= In Memory of Eva Gore-Booth and Con Markiewicz =

1933 poem by William Butler Yeats

"In Memory of Eva Gore-Booth and Con Markiewicz" is a poem in two stanzas by William Butler Yeats, written in 1927 and published in his 1933 collection The Winding Stair and Other Poems.

Eva Gore-Booth and Constance Markiewicz (née Gore-Booth) were two sisters who lived at Lissadell House in County Sligo. Eva died in 1926 and Constance (Con) in 1927. The young Yeats had been encouraged by them and entranced by their beauty. They are remembered in the poem as "Two girls in silk kimonos, both / beautiful, one a gazelle." Both later became involved in Irish nationalist politics, and Constance was sentenced to death for her part in the Easter Rising of 1916, though the sentence was subsequently commuted. Eva later became active in the Women's suffrage movement in Manchester, England.

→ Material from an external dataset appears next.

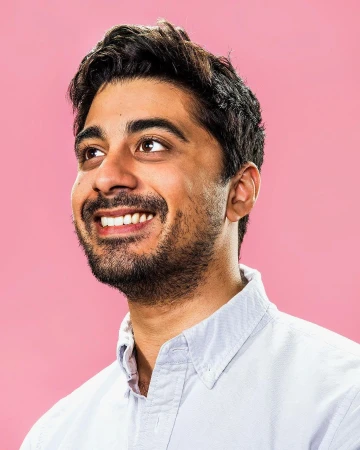 Portrait of a smiling South Asian man wearing a light blue buttoned shirt against a solid pink background.
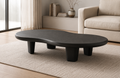 Voidstone sculptural coffee table styled in a dark modern living room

In the poem, Yeats laments the loss, not only of their physical beauty, but of their spiritual beauty – their later politics were far removed from the romantic ideal of Ireland that he had had in their youth. The second stanza speaks of the futility of their struggle, both his and the sisters', when the real enemy is time itself: "The innocent and the beautiful / have no enemy but time."